子どもたちが描いた絵との出合いは、まったくの偶然でした。1989年2月。娘が大学を卒業するにあたり、ふたりで旅行へ行こうとしていました。行き先は、当時まだ社会主義国だったポーランドとチェコスロヴァキア。何度も他国に併合された悲しい歴史を持つポーランドでは、アウシュヴィッツを訪れよう、と考えていました。
でも、チェコスロヴァキアの首都プラハは、モーツァルトが愛し、ドヴォルザークやスメタナを生んだ街。私と娘のガイドブックには、美術館や劇場や教会など、ぜひ訪ねたいところにたくさんの丸印がついていました。
私たちは、プラハの旧市街を歩いていました。広い通りや広場には、人・人・人の波。両側のどの建物にも、チェコスロヴァキアの3色の旗と赤旗が飾られています。広場では国歌が流れ、集会が行われていました。「何だかわかんないけど、今日は何か大きな行事があるのよね」と娘が言いました。

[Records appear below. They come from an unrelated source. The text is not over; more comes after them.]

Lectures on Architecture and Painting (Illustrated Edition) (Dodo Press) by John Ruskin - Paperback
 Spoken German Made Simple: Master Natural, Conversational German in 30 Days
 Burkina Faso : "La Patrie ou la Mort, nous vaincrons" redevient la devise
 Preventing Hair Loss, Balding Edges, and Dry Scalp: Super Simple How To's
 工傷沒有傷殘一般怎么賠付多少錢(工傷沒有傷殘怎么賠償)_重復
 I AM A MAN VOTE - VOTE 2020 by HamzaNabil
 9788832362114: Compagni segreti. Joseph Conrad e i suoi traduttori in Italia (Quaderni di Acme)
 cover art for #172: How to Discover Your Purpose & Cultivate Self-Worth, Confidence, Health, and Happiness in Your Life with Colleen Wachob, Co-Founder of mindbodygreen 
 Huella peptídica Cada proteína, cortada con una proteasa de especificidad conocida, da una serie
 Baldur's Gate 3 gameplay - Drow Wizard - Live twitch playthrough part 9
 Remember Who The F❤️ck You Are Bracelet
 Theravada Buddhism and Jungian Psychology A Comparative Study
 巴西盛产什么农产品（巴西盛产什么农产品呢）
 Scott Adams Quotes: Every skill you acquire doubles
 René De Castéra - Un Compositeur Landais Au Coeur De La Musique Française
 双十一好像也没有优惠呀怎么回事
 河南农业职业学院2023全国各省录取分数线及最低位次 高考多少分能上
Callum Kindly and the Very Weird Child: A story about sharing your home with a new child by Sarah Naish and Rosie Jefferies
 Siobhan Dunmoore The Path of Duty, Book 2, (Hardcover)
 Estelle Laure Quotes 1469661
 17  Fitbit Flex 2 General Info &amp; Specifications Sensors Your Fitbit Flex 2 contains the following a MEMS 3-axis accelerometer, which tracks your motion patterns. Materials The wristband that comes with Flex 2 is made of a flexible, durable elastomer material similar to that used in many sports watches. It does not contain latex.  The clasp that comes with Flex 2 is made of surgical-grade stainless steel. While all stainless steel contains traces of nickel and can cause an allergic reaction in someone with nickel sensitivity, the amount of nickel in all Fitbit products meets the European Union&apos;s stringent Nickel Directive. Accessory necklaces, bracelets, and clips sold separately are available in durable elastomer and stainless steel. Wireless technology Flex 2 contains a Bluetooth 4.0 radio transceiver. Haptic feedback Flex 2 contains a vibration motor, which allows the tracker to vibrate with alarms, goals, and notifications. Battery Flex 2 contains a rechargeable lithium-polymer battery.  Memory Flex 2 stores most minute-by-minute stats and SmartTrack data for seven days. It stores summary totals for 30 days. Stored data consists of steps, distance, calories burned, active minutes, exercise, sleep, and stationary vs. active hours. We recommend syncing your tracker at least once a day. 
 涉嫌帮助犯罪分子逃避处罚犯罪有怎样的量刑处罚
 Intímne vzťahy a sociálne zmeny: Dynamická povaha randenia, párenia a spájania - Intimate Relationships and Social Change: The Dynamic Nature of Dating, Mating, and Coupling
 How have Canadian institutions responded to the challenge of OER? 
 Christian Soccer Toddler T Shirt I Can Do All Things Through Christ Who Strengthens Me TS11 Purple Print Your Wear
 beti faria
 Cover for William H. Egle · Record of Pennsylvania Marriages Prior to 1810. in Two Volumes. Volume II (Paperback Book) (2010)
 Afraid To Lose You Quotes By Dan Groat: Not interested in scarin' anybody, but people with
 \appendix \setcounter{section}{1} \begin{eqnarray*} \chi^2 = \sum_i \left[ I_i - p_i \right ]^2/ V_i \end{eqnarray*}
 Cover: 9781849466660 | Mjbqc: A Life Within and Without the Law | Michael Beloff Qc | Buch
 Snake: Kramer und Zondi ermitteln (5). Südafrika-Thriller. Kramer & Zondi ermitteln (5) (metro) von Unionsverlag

後でわかったことですが、その日1989年2月23日は、チェコスロヴァキアの社会主義宣言をした記念日なのでした。それから半年ほど後に、東欧諸国に改革の嵐が吹き荒れ、チェコではビロード革命が起こり国の体制が変わることとなります。私たち親子がいたあの広場での集会は、社会主義国チェコスロヴァキアが祝った、最後の記念式典だったのです。
人混みを避けて私たちは横道に入りました。モルダウ河(その国では、本当はヴルタヴァ河と呼んでいたのですが)に近い道を入ったところが、かつてのユダヤ人街。そこの古めかしい建物の扉が開いていたので、「ドブリデン」と前夜、ガイドブックで覚えたばかりの挨拶を小声でして入りました。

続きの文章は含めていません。